Möge es Dein Wille sein, Jahve, unser Gott und der Gott unserer Vorfahren, dass Du Kriege und Blutvergießen aus der Welt verbannst und dass Du großen und wunderbaren Frieden in die Welt bringst, so dass kein Volk gegen ein anderes das Schwert erhebt und keiner mehr lernen wird, Krieg zu führen; stattdessen mögen alle Bewohner der Erde die absolute Wahrheit erkennen und wissen, dass wir nicht für Streit und Zwist, Gott bewahre, auf diese Welt gekommen sind, noch für Hass und Neid und Feindseligkeit und Blutvergießen, Gott bewahre; wir sind nur auf diese Welt gekommen, um Dich zu erkennen und zu kennen, Sei für ewig gesegnet. Möge erfüllt werden, was geschrieben steht: Ich werde Frieden im Land schaffen, und wenn ihr euch hinlegt, wird euch niemand erschrecken; ich werde die wilden Tiere aus dem Land entfernen, und kein Schwert wird durch euer Land kommen.

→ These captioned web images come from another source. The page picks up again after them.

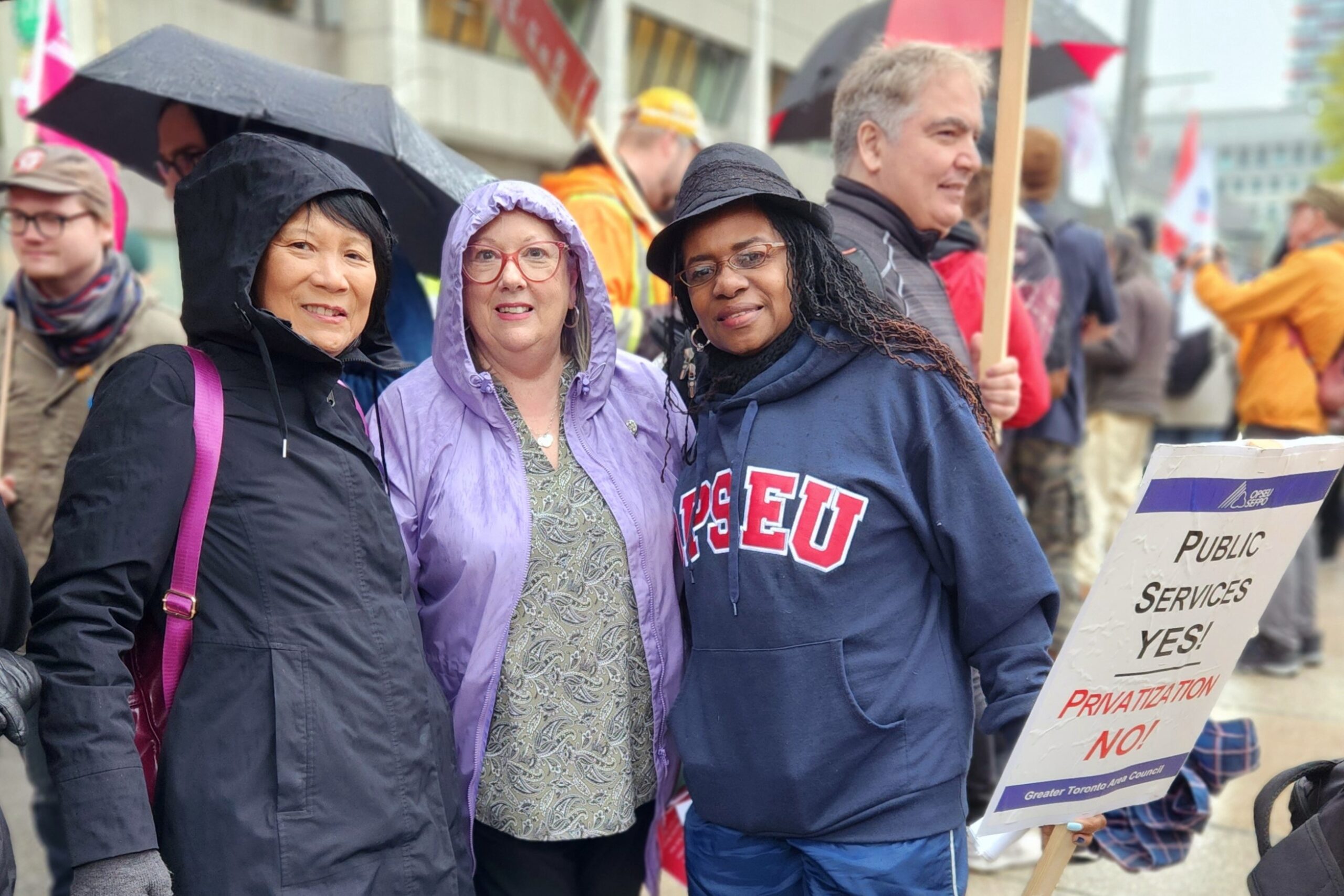 Region 5 RVP Coleen Houlder stands with Olivia Chow and OFL President Patty Coates at 2023 May Day rally in Toronto. Photo by Chandra-Li Paul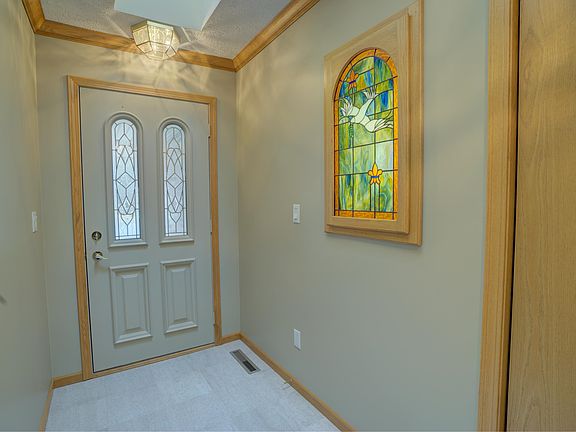 3rd image of 4905 Parklane Dr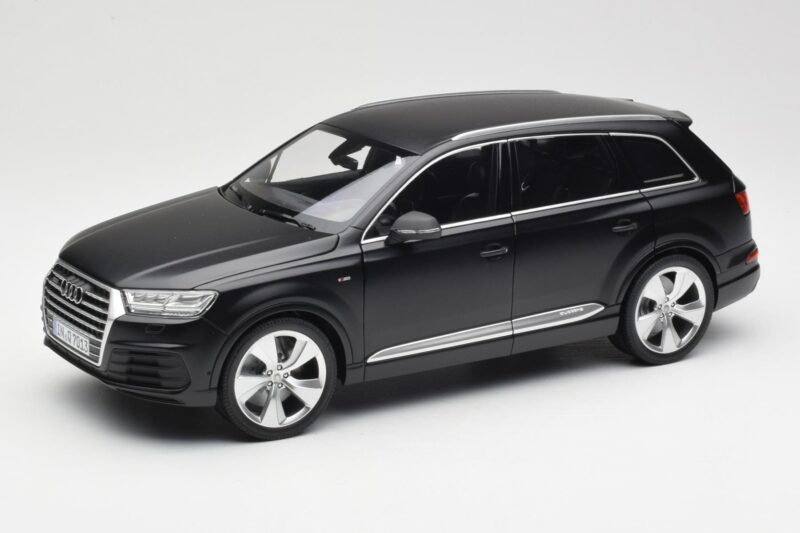 Audi Q7 4M Matt Schwarz Minichamps 1:18 110014001 Druckguss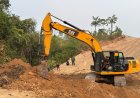 Dukung Kelancaran Akses Jalan, Satgas TMMD ke-130 Kodim 0427/Way Kanan Laksanakan Pemasangan Gorong-Gorong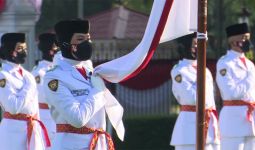 Putri dari Jawa Barat Akan Turunkan Bendera Merah Putih - JPNN.com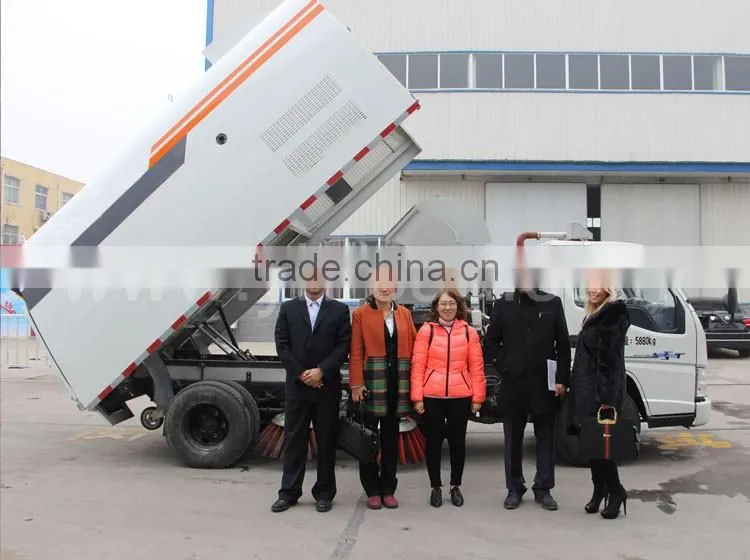 YHQS5050B road sweeper truck of high quality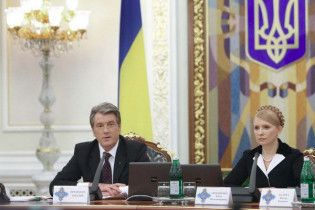 Ющенко і Тимошенко привітали жінок зі святом 8 Березня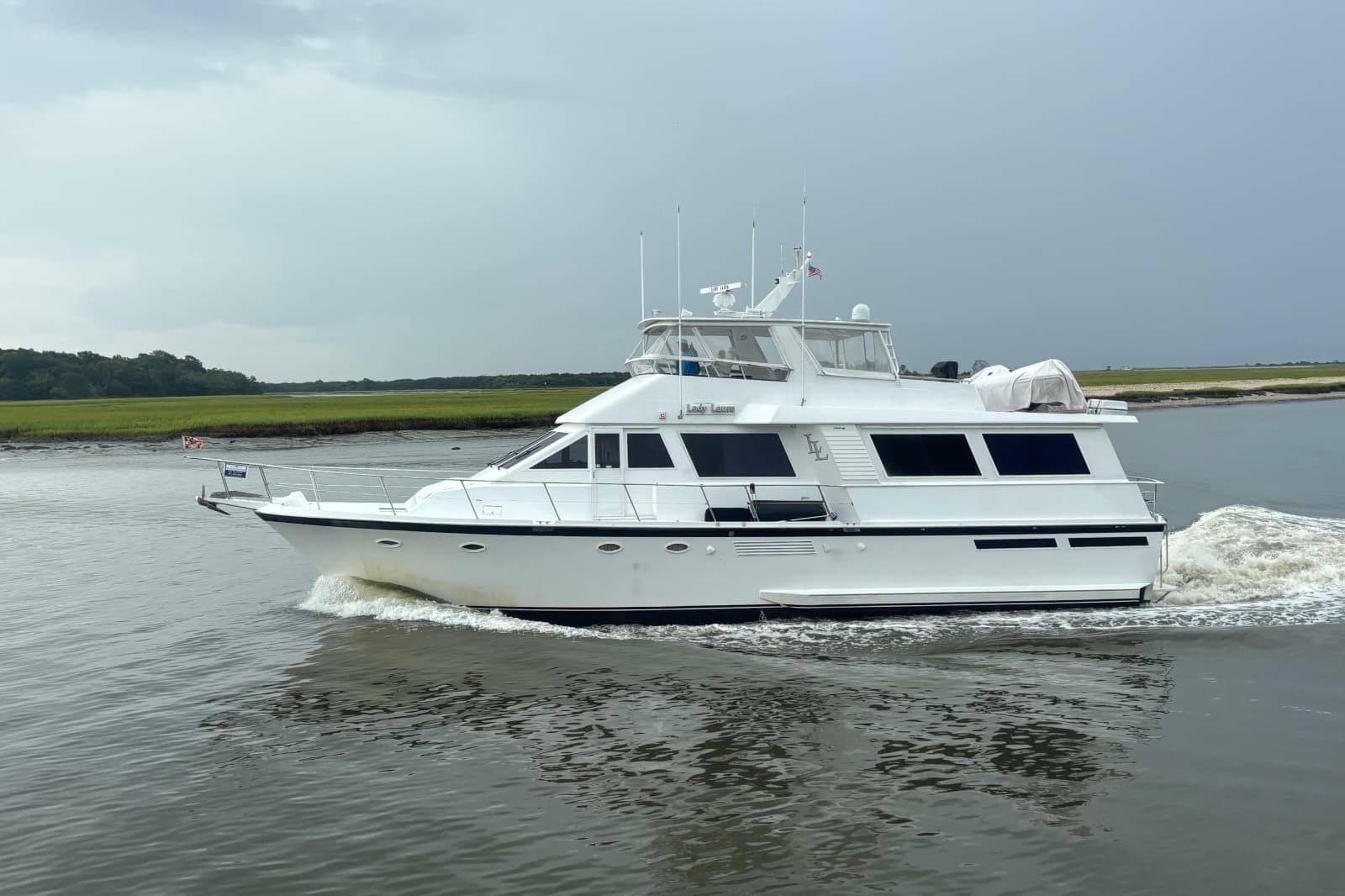 1989 Viking Motor Yacht - Photo 3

Aus dem Hebräischen von Ursula Wokoeck Wollin
Autor:in
Michal Zernowitski leitet das ultraorthodoxe politische Programm bei der Berl Katznelson Foundation. Sie ist eine der Initiator*innen und Förder*innen der Einbeziehung ultraorthodoxer Bildung in das staatliche Bildungswesen, und eine der leitenden Persönlichkeiten in der Bewegung der Religiösen Linken.